Archive for December 1956

Written on the Wind

December 12, 1956

“You’re a filthy liar.”

“I’m filthy, period.”

I have to love a movie in which a miserable rich alcoholic (Robert Stack) has an exchange like that with his swankily skanky sister (Dorothy Malone, winning an Oscar for being filthy, period). Written on the Wind, one of the kitschily revered über-melodramas directed by Douglas Sirk, is a continuous aria of need, despair, self-loathing. It says “Money can’t buy you happiness” in 72-point all-caps Futura Bold. Rock Hudson is Stack’s lifelong buddy, a geologist who works for Stack’s daddy’s oil company. Rock falls hard for Lauren Bacall, who’s just started in the company’s advertising department, but Stack lays claim to her and seems to cling desperately to her, throwing money around to impress her.
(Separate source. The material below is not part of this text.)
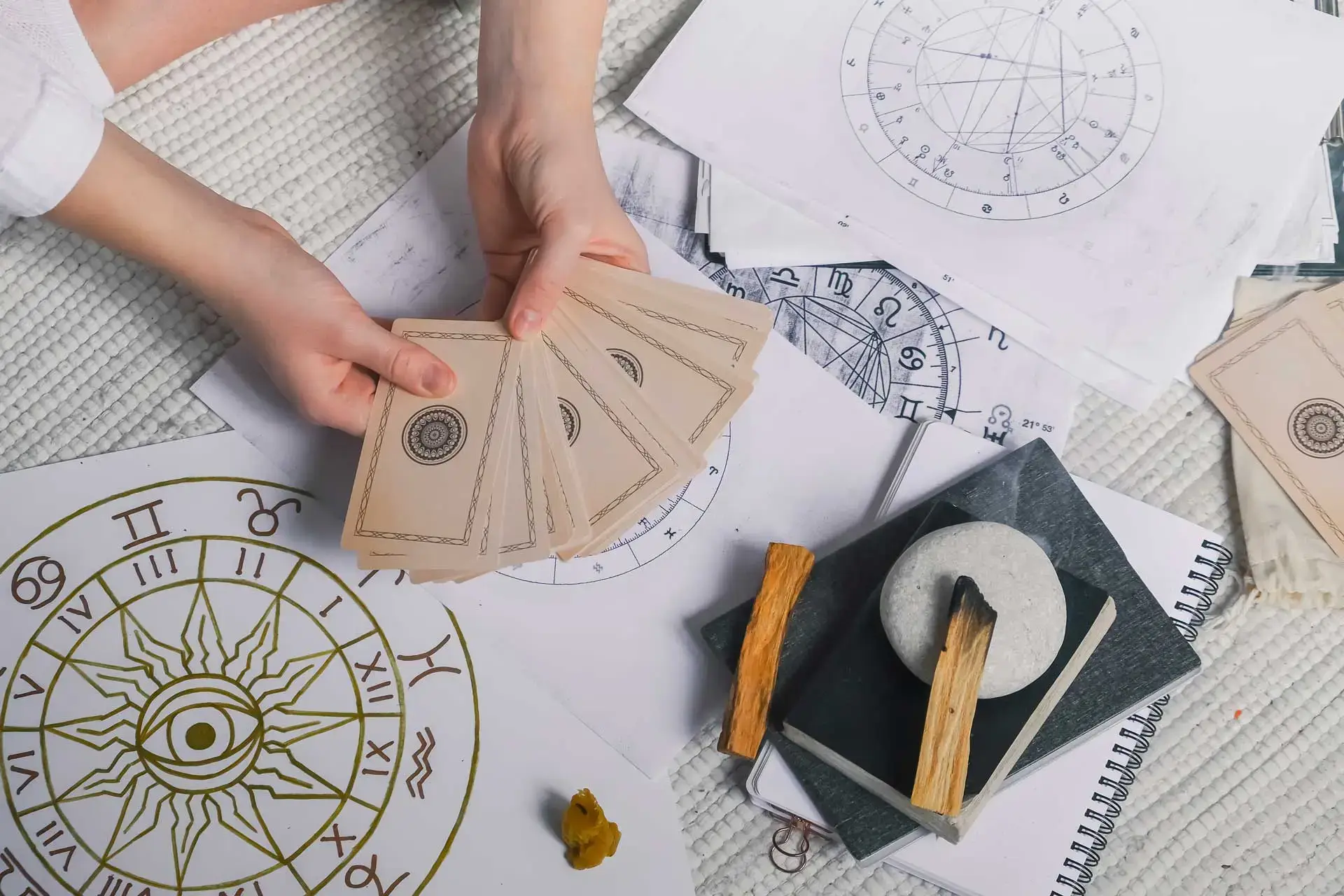 astrology-astrologer-calculates-natal-chart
The money doesn’t wow Bacall, but probably something in his flailing (yet carefully suave) attempts to sway her touches her, and they’re soon married. Then the real troubles begin.

This one’s only for those with a strong appreciation for ’50s cheese, and nobody served it up with more of a flourish than Sirk; this is no chick flick but a fire-breathing tragedy of the gods, mounted with such intensity and conviction that you come to laugh with it more than at it. Malone’s Best Supporting trophy was well-deserved — every minute she’s onscreen is a guaranteed injection of fun — and Stack, Bacall, and even the stoic Hudson get meaty scenes to bite into. Great, foolish, high-pitched stuff.